Jul 27, 2010
I was chatting with my close friend and cousin the other day when she said, “Bro, I had a serious quarterlife crisis last week.” I didn’t understand, so she explained, “Arre yaar, 25 years of life have gone by and I don’t know what to do.” A bolt of thunder struck my balding head and did some damage to the already receding hairline. I realized that I too was 25 once and had a similar problem but blamed it on fate, destiny, earth, sun, moon and other things our ancestors made up. To pacify her I said, “Don’t worry girl, everything is going to be fine.” After all, hope is the only thing which drives people.
I did not feel anything when I turned 25 as I was the youngest in my family and so I guess it wasn’t such a big deal, but when I came to the UK, most of my friends where between 21 to 24 years of age and they all freaked out whenever they celebrated their birthdays. It was like Joey’s (from the popular TV series ‘Friends’) “God, why us, we had a deal.” This made me realize, “OMG, I’m older than them...what the hell!” Slowly and silently I thought about it and began to realize that age is in one’s mind, if you think about it, it will kill you, but if you don’t, you will kill it. I feel young at heart.
It’s a general perception that with age people mature, just like wine - older the better. I was actually asked in one of my interviews, “Do you think you have changed your reading habits as you have grown older?” Inside my tiny brain I was wondering, “What the hell, I still like reading Tinkle, Chacha Chaudhary and love watching Tom and Jerry,” but to impress the gorgeous lady in front of me, I had to lie, “Yes madam, age reflects on one’s behavior, for e.g., I used to read Archie Comics (I was in love with the sexy Betty) when I was young, but now as I have become more mature I read more of intellectual novels and autobiographies.” CRAPPPP. I cleared the interview with flying colors. Maybe this is what age does!
I don’t understand why people especially girls worry so much about age. I have a very dear friend who is the youngest and the bubbliest in our group here, and one who freaks out the most when we talk about age. If she had a magic lamp, I am sure she would tell the genie “make me younger.” But the lady knows more about life than the rest of us, throwing all theories of age and maturity into the bin. She is the one to whom we go in a crisis. I will miss her...there are girls who do all sorts of things to look young or younger, ranging from facials, pedicure, manicure to other things which I don’t even want to mention. I can write a couple more sentences which will surely make the women readers angry. But I certainly don’t want to apologize in public.
Now coming back to actual quarterlife crisis specific to relationships, once a guy turns 25, the first thing which comes to his so-called enlightened mind is MARRIAGE. If one is single, then, “My god, what am I doing? Twenty-five years and still no girlfriend…what was I doing all this time?!” and “Oh God, will any sane father give his daughter to me?” and then, “Can I get a better job so that I can save enough for my future?” or even, “Will I ever get a job?” If the guy is committed, then, “What gift shall I give her next week?” or “Will she accept my proposal?” If it is more advanced then, “How can I convince her to have/not have the child?” or “How can I convince my parents that he is going to be their son-in-law?”

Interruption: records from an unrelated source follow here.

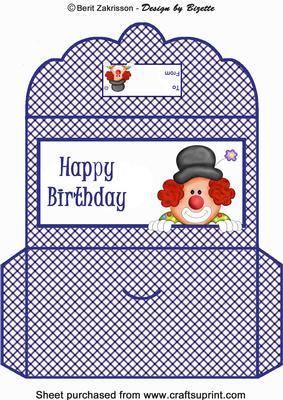 Clownhead Moneywallet Blue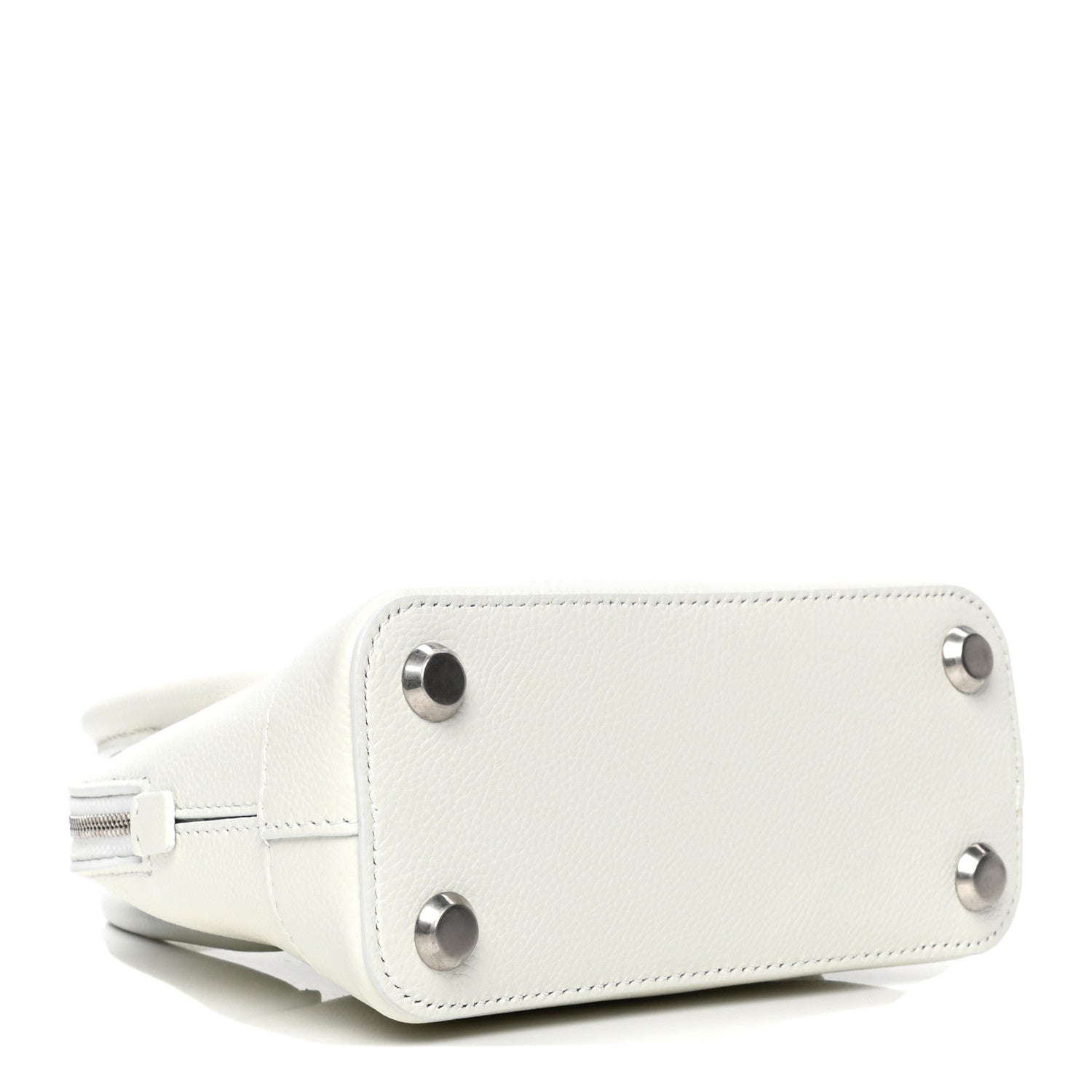 Balenciaga Grained Calfskin XXS Ville Top Handle Bag White Black 3 of 4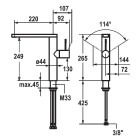 Franke Ono bateria kuchenna chrom 115.0308.170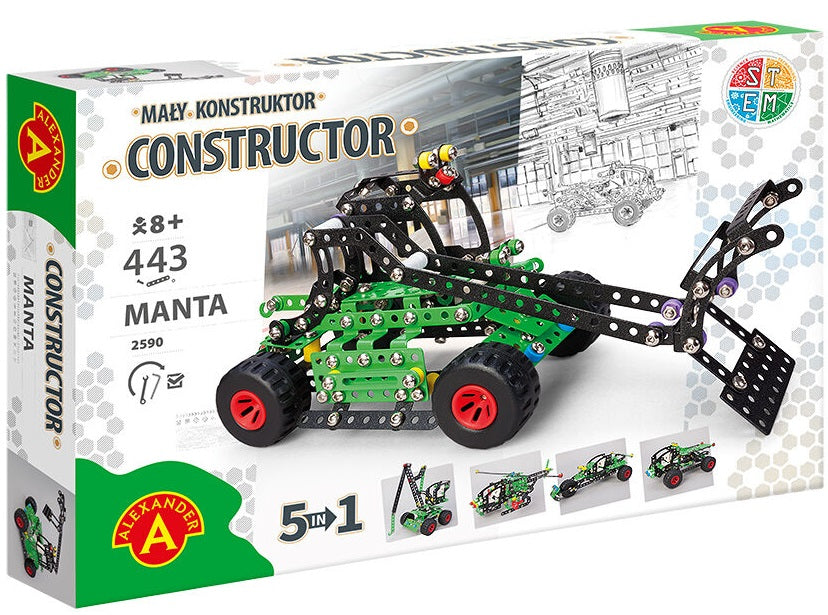 Se Constructor Pro MANTA 5-i-1 Metal Konstruktionsbyggesæt ✔ Kæmpe udvalg i Alexander - Køb online på udsalg og tilbud lige nu ✔ Meget billig fragt og hurtig levering - Varenummer: MMAction-2182590 og 5906018025903 på lager - Udsalg på Metal Konstruktionsbyggesæt Spar stort – op til 53% - Over 2.739 kendte mærker online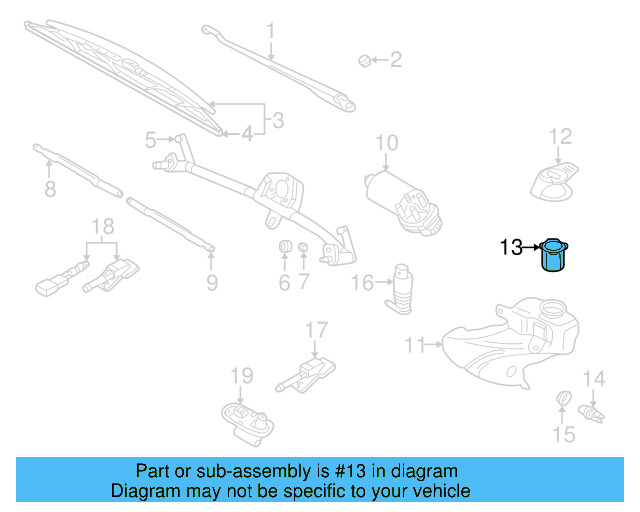Washer Fluid Strainer 4A0-955-485 - View 88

In my case quarterlife crisis began only after I realized that others around me were younger to me. But as I said earlier (if I have), I do not think age matters unless you think your life is over. Shahrukh Khan started his career in the film industry when he was 27 years old, Sidney Sheldon stared writing novels when he was over 40. LATE BLOOMERS. This is my way of thinking, maybe when I am 40 I will think about all those people who started doing things when they were 60. Sometimes I too am worried about my age, only sometimes, especially when it comes to marriage and finances. And then I think of all the above things I wrote in the previous paragraph except the last two sentences.
Something for the women too, though I do not know much about them and how they cope with the so-called quarterlife crisis. I think both girls and guys have the same kind of predicament. When a girl turns 25-30, everyone expects her to get married and start having babies. Moreover, some ladies have loans to pay off, parents to take care of, no money to get married, their biological clock will be ticking and people start thinking of all possible reasons for their maidenhood.
I have no idea what other people think, but as my friend said to me, one of the few advantages of dividing life into quarters is you know when to step up or step down or whatever. I don’t completely agree with her. I prefer living life as it comes - follow your dreams and try to fulfill them, if a dream is difficult, the next logical step would be to have another dream, a simpler one. If one doesn’t think about age, I guess one will live longer. Another close friend of mine when asked about her age on her birthday replied, “I am 18 at heart.” The clever person who asked her the question replied, “Why not 16?” My friend, the smart ass that she is, promptly replied, “16 is not a legal age.” Way to go girl.
There are a lot of quotes about age and the best among the lot is ‘age is an issue of mind over matter. If you don't mind, it doesn't matter’ by Mark Twain. Everything inside the head. People think too much and complicate simple things. Some readers might be wondering what this article is all about - it starts with crisis, then age, then dreams. Full of confusion. Now that is what I call quarterlife crisis.